# A weight suspended by two strings

1. Oct 19, 2014

### LLR

1. The problem statement, all variables and given/known data
A weight is suspended by two strings at two different angles (the picture is included in the attempted solution)
a.) Find the expressions for the tension in each of the strands
b.) Assuming the tension, T1, does not change, what will be the acceleration of the weight if the second string is released?

2. Relevant equations
ΣF = ma

3. The attempt at a solution

This is my attempted solution for the problem. A) I think I'm good with but if there's something wrong please point it out. B) is where I really have trouble. I'm not sure I did accel in the Y correctly (I had substituted the equation for T2 into my B equation, sorry I didn't show that).

I just feel like I'm missing something here, like it should be simpler than that. Also I am unsure if there will be acceleration in the X. But if there was I imagine I would figure it similarly to the way I did Y

2. Oct 19, 2014

### voko

A is not finished. The two expressions that you obtained refer to each circularly.

In B, you have to assume that tension 2 disappears, while tension 1 is entirely present.

3. Oct 19, 2014

### LLR

Okay, let me start with A and see if I'm on the right track

Lets say I keep what I got for T2. Would I substitute that in for the second equation and solve for T1? My algebra is admittedly kind of rusty, and I'm having trouble isolating both T1s by themselves when I do that

4. Oct 19, 2014

### voko

In A, you had two starting equations.
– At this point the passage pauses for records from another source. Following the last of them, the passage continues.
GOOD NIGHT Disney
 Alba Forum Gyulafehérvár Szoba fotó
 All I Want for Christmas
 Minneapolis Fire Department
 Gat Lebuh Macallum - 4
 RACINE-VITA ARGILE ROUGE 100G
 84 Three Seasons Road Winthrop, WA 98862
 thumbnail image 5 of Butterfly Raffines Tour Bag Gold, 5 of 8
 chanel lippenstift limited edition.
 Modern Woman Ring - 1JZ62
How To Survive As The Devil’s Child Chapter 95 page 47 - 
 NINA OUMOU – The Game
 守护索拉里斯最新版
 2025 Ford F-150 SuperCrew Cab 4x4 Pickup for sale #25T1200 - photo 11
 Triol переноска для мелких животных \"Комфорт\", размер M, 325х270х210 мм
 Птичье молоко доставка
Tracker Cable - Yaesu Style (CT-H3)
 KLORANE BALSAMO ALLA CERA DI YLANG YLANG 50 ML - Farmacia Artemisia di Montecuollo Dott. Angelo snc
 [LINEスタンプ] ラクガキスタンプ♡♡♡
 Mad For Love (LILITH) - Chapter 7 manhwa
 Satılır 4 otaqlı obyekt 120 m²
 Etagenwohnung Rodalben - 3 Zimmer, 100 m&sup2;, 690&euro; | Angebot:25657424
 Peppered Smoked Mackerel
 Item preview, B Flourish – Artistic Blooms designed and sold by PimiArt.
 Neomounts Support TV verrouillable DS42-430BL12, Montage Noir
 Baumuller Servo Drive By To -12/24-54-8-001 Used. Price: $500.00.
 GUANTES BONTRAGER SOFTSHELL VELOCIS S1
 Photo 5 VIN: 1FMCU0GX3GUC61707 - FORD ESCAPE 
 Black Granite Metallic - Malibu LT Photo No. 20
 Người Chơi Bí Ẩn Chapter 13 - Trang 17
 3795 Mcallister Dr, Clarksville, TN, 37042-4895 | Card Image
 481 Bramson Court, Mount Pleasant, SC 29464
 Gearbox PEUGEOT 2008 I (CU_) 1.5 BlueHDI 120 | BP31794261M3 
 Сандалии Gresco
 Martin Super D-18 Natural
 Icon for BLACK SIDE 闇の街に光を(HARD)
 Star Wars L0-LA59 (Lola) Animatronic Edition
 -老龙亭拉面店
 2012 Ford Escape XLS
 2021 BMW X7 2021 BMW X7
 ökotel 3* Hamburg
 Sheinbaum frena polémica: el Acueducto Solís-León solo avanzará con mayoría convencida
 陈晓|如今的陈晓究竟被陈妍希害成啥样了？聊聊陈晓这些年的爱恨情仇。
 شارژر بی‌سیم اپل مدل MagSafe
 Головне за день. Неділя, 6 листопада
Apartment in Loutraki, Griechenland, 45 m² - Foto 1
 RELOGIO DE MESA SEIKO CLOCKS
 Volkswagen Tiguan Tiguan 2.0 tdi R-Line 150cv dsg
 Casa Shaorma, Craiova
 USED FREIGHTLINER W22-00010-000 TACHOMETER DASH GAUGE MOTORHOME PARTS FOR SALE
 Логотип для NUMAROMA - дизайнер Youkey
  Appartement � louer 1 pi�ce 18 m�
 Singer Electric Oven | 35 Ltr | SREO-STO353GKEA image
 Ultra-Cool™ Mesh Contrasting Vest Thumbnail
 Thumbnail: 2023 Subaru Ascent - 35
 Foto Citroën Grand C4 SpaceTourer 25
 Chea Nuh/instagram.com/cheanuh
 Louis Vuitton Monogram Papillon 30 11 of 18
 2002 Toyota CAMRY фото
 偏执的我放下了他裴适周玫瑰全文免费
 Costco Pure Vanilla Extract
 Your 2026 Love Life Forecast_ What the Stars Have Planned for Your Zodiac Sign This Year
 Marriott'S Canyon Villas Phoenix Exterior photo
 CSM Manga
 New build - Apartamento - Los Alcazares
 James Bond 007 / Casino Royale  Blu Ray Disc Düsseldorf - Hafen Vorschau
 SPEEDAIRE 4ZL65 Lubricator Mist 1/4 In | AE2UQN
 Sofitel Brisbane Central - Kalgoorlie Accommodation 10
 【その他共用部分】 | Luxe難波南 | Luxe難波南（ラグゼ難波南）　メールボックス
You used one of the to obtain the relationship between tensions. Use the other one to determine the tensions completely.

5. Oct 19, 2014

### LLR

Kind of like this? Or am I not doing this correctly?

EDIT: Obviously I didn't solve this yet, but when solved would this be correct? I havent solved it because I have trouble getting T1 by itself since there is two of them in the equation

6. Oct 20, 2014

### haruspex

Yes. How would you rewrite 5x+3x so that there is only one x?

7. Oct 20, 2014

### LLR

This is what I end up getting but it really doesn't seem right. Once again I apologize for my incredibly rusty algebra

8. Oct 20, 2014

### voko

No that is not correct. You need to brush up on your algebra.

9. Oct 20, 2014

### BvU

Rusty is a good term. Dissolve some of the rust by
* taking one step at the time
* doing on the right the same what you do on the left
* rewriting things like T1 bla + T1 da as T1 (bla + da)
* gradually bringing what you want to know (T1) to one side
so

T1 bla + T1 da - mg = 0
T1 ( bla + da) - mg = 0 $\ \ \ \ \$ group terms with T1
T1 ( bla + da) = mg $\ \ \ \ \$ add mg to left and right
T1 = mg/( bla + da) $\ \ \ \ \$ divide by ( bla + da) left and right (make sure it's never zero)

10. Oct 20, 2014

### LLR

Something like this? I have two versions as I was unsure whether to combine the terms or divide the sin

Thank you all for your replies though, it has been a while since any sort of math class and I know I'm still really rough on it

11. Oct 20, 2014

### voko

12. Oct 20, 2014

### BvU

Version 2 step 2: You should divide both terms on the right by sin theta2

13. Oct 20, 2014

### LLR

Alright, so using the same methods as above I solve for T2 in a similar manner. This should take care of part A, assuming this is correct?

14. Oct 20, 2014

### LLR

I went ahead and plugged in the equations from part A to solve part B, let me know if I messed up somewhere please

15. Oct 21, 2014

### haruspex

In your ay calculation you failed to cancel an m. There should be no mass terms in the answer.
All your answers can be simplified by multiplying top and bottom by cos theta2. It's a bit ugly having a division inside a division.
There is a quicker way to get (b) having got (a). Since T1 doesn't change, the only difference in the system of forces is the removal of T2. This is equivalent, as far as the mass is concerned, to adding a force -T2. So the acceleration is -T2/m.

16. Oct 21, 2014

### LLR

So the final answer would look something like this?

Or am I multiplying the top and bottom wrong?

I aplogize I forget to remove the extra m from this one, but I'm a bit confused as to why it would cancel. The starting equation has 1 m on one side, and 2 on the other. Wouldn't only one m on each side cancel then?

And I'm afraid I'm not quite following why it would only be a = -T2/m. Why would T1 not be factored into it?

17. Oct 22, 2014

### haruspex

The m should cancel as a common factor. If you can't get that to happen, post all your steps.
Since the system is in equilibrium before T2 is removed, the other forces must add up to -T2. When T2 is removed, they still add up to -T2 (since T1 doesn't change).